**WHAT NEEDS TO BE DONE:**
From the line containing "The 15 Invaluable Laws of Growth cover" to the last line of the records, please reproduce every line exactly and nothing more.

**DATA PROVIDED:**
======
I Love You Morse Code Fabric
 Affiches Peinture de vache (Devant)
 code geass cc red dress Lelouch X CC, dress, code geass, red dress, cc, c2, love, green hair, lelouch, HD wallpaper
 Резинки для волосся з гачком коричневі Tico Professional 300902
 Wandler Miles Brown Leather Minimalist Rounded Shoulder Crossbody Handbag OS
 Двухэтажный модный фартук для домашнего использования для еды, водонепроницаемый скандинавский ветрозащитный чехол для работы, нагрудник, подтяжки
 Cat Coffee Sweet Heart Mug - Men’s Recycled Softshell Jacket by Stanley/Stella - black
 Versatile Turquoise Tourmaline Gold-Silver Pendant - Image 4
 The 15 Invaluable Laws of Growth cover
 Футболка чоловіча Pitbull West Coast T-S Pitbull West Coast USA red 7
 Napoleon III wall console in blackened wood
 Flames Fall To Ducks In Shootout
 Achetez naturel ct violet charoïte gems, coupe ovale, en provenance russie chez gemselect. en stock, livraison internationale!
======
**OUTPUT FOR THIS TASK:**
 The 15 Invaluable Laws of Growth cover
 Футболка чоловіча Pitbull West Coast T-S Pitbull West Coast USA red 7
 Napoleon III wall console in blackened wood
 Flames Fall To Ducks In Shootout
 Achetez naturel ct violet charoïte gems, coupe ovale, en provenance russie chez gemselect. en stock, livraison internationale!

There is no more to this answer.